Thompson’s lead was like a rubber band. It stretched to five strokes after nine. And it snapped back to one with three holes remaining after Thompson made a double bogey at No. 11 and a bogey at No. 14 while Hataoka, 22, playing in the group directly ahead of her, went on a Casper-esque charge with birdies at Nos. 13, 14 and 15. Saso gained three strokes on Thompson on the 16th and 17th, both par 5s, drawing even with her at four under after she birdied both and Thompson went par-bogey.

Before her U.S. Open debut in 2019 in Charleston, S.C., Ganne, a 17-year-old amateur, played a practice round with Thompson. She closed out this Open by conjuring a dream into action, playing in the final group alongside Thompson and Saso.

A high school junior from Holmdel, N.J., Ganne joined an august list of amateurs to have graced the lead grouping on the final day of a women’s major. The list includes Aree Song, Michelle Wie West, Morgan Pressel — who called Sunday’s action from the broadcasting booth — and Catherine Lacoste, who in 1967 became the first amateur to win.

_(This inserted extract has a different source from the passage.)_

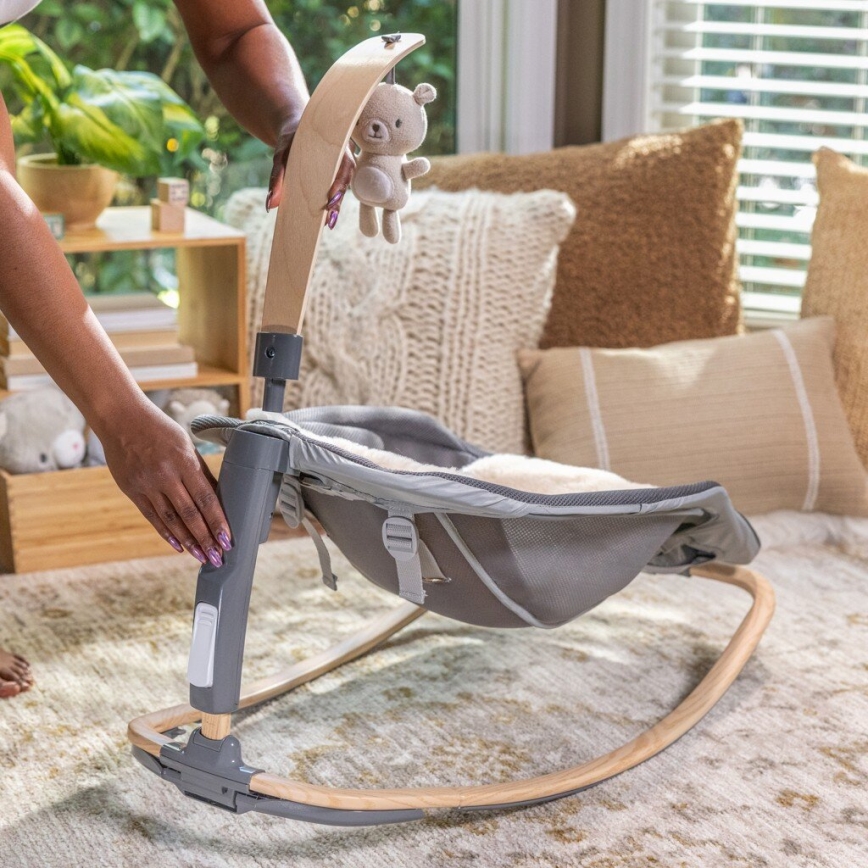 Ingenuity - Lettino vibrante per bambini con melodia EVERY SEASON WESLEY grigio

What’s past was prologue; the last time a U.S. Open was held at Olympic Club, a 17-year-old amateur also began the final round lurking four strokes off the lead, as did Ganne. That teenage interloper was Beau Hossler, who struggled to a 76 and finished tied for 29th.

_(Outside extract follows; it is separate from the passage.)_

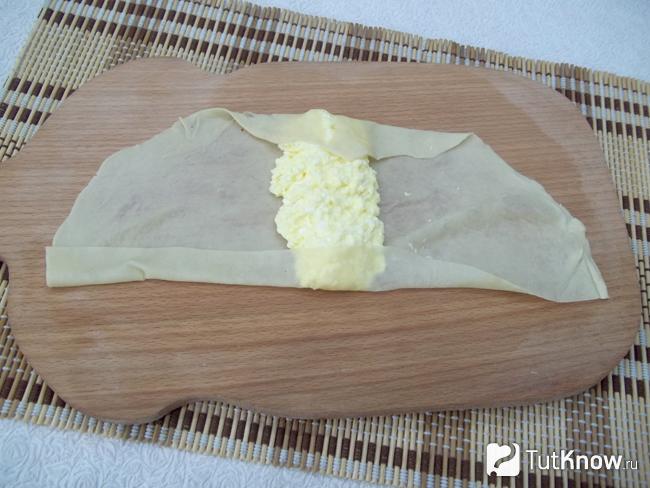 Тесто подвернуто с краев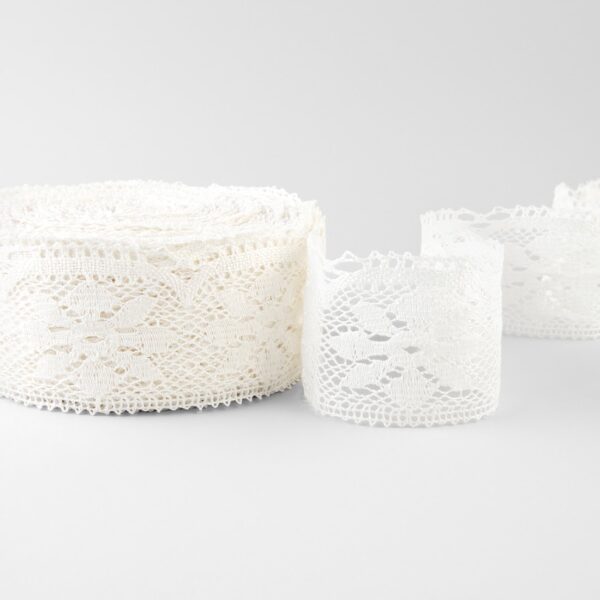 Linen lace off-white No. 83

Ganne hit her drive on the par-5 first into deep rough, leading to her first double bogey of the tournament. It was a harbinger of the grind that was ahead for Ganne, who closed with a 77 to finish tied for 14th, one stroke ahead of the next-best amateur, Maja Stark of Sweden.

“I’ll remember this for the rest of my life,” Ganne said.

The day was no breeze for Thompson, who was battling history’s headwinds. A U.S.-born woman hadn’t won a major since Angela Stanford at the 2018 Evian Championship, and in the five men’s Opens held at the Olympic Club, none of the 54-hole leaders held on to win.

And then there was Thompson’s personal travails in the majors. Since winning the 2014 ANA Inspiration, she had endured several near misses, posting eight top-five finishes, including a playoff defeat at the 2017 ANA Inspiration after a television viewer’s observation led to a four-stroke penalty being tacked to her score on the final day.

Through it all, she preserved traces of the playful, unaffected 12-year-old who qualified for the 2007 U.S. Women’s Open. They were there in her good-luck ladybug earrings, which she wore on Sunday, and her willingness to engage with younger players like Ganne.

Pro is a little word that can pack a bite far deeper than its breadth, and Thompson, who shed her amateur status in 2010, at age 15, was not immune to the loneliness, the self-doubts, the tedium of spending months away from home and the rootlessness of living out of a suitcase that come with playing for pay. Bright-eyed amateurs see only the blessings: the supportive fans, the immaculate courses, the fine clubhouse dining.

And so if she was to get back to her playful, unaffected teenage self, Thompson needed to redirect her focus so that she viewed golf as play and not as work. She enlisted the help of a psychologist based in Florida, John Denney, with whom she had worked early in her career, and their conversations, which they have several times a week, have helped her flip the switch. From feeling anxiety or anguish to gratitude. From feeling burdened by pressure to blessed by opportunities.

Thompson walked the walk. She forced a smile as she exited the 18th green after her approach, from 109 yards, found a bunker, and after she blasted out to 12 feet and left the par putt short.

Thompson’s eyes welled with tears and her voice quavered. She smiled wanly and said, “Yeah, I played not so good today with a few of the bogeys coming in on the back nine.

She added, “I’ll take today and I’ll learn from it and have a lot more weeks ahead, a lot more years.”